▶ **Work instruction**
Pictures excluded, set down exactly the lines from the one containing "Alberi di tronco" through the final line of the material, and only those.

──────── Data excerpts ────────

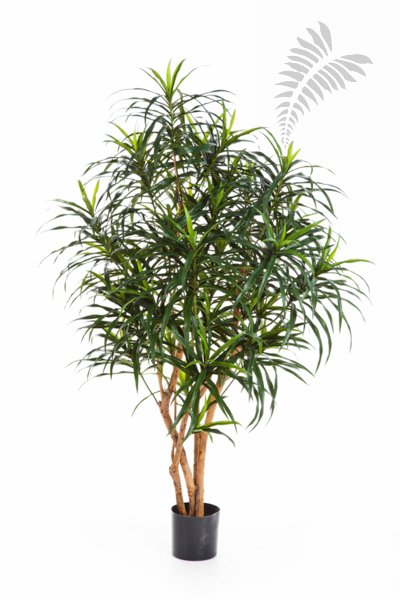 DRACAENA ANITA TREE 120cm 24004N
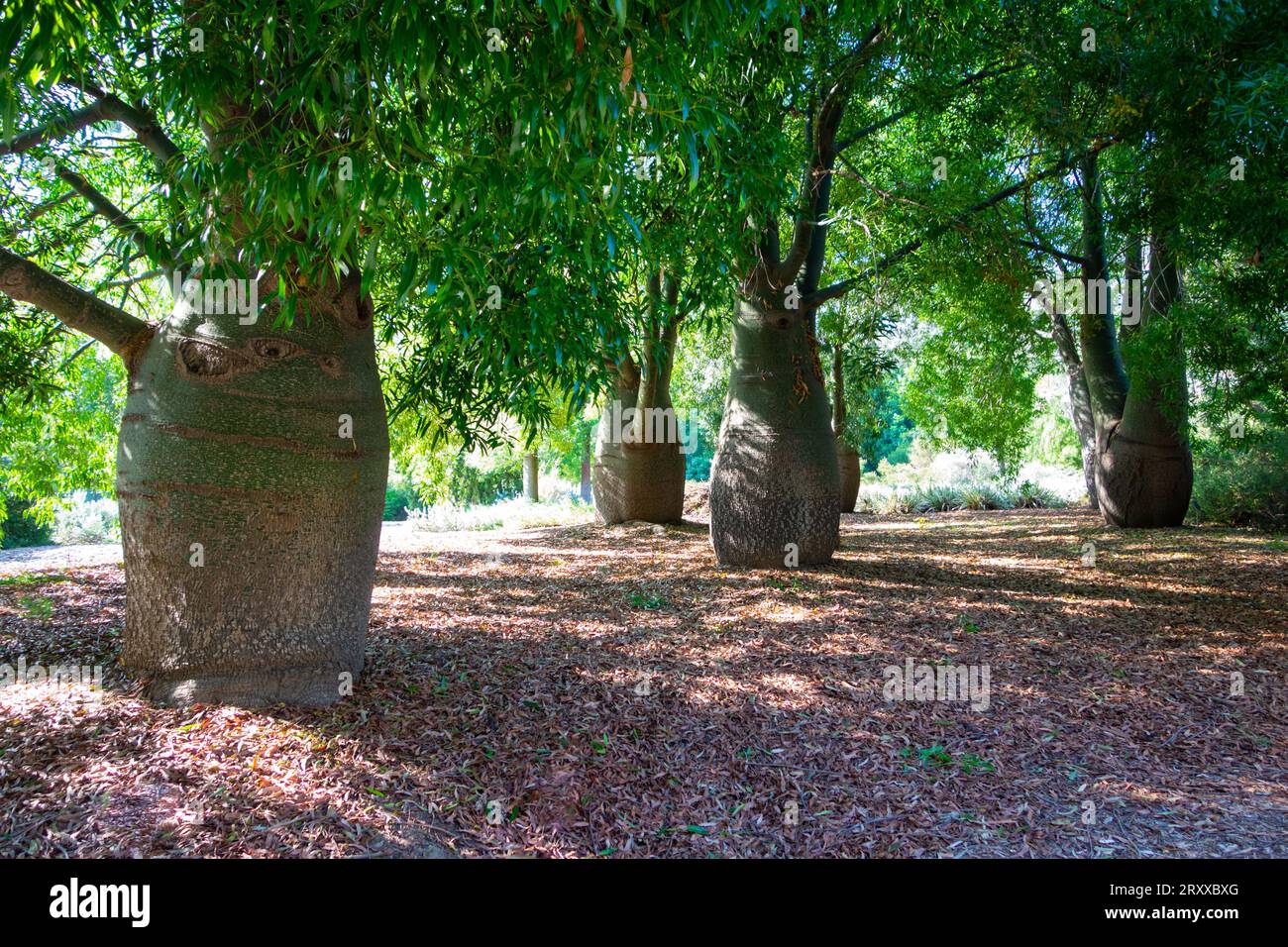 Alberi di tronco spessi e distanziati uniformemente in un giardino. Foto Stock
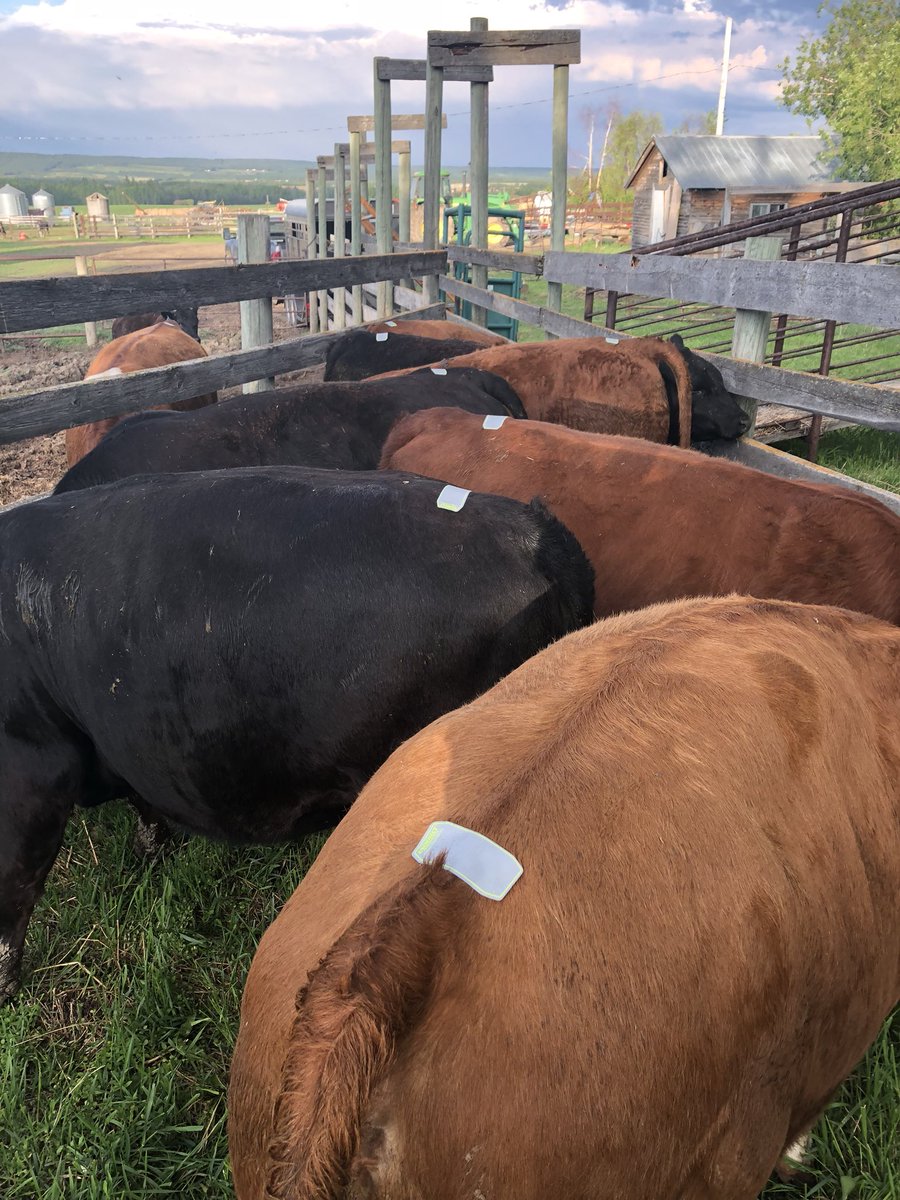 JRosadiuk's tweet image. Rolling with @ESTROTECT patches for another AI season.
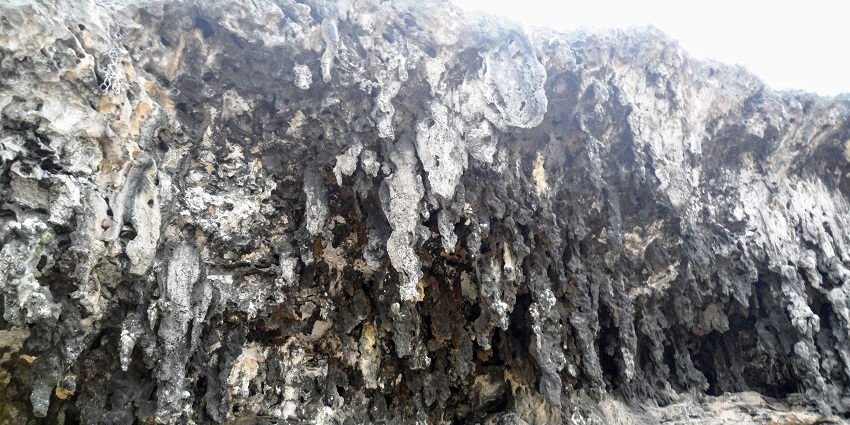 An image of the petroglyphs drawn by the Arawak Indians inside one of the Aruba caves.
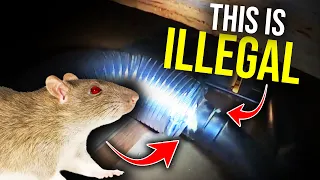 Get rid of RATS FAST!..SEWER RATS entering through ILLEGAL repair!!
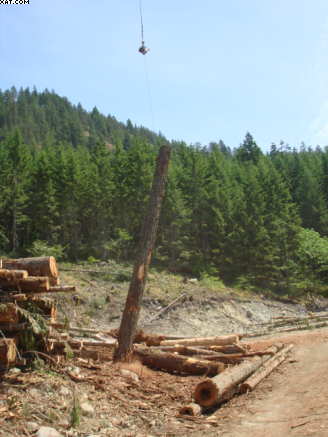 heli logging
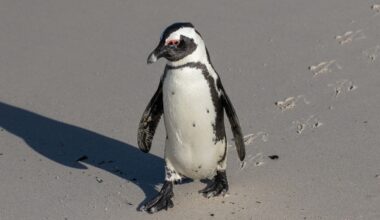 Penguins have a mystery muscle that helps them waddle and swim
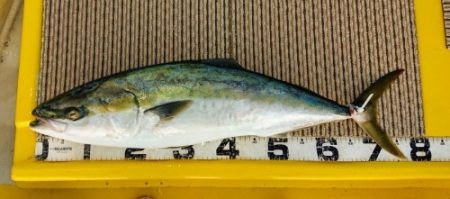 火遠理丸（ほおりまる） 釣果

────────

▶ **Response area**
 Alberi di tronco spessi e distanziati uniformemente in un giardino. Foto Stock
 JRosadiuk's tweet image. Rolling with @ESTROTECT patches for another AI season.
 An image of the petroglyphs drawn by the Arawak Indians inside one of the Aruba caves.
 Get rid of RATS FAST!..SEWER RATS entering through ILLEGAL repair!!
 heli logging
 Penguins have a mystery muscle that helps them waddle and swim
 火遠理丸（ほおりまる） 釣果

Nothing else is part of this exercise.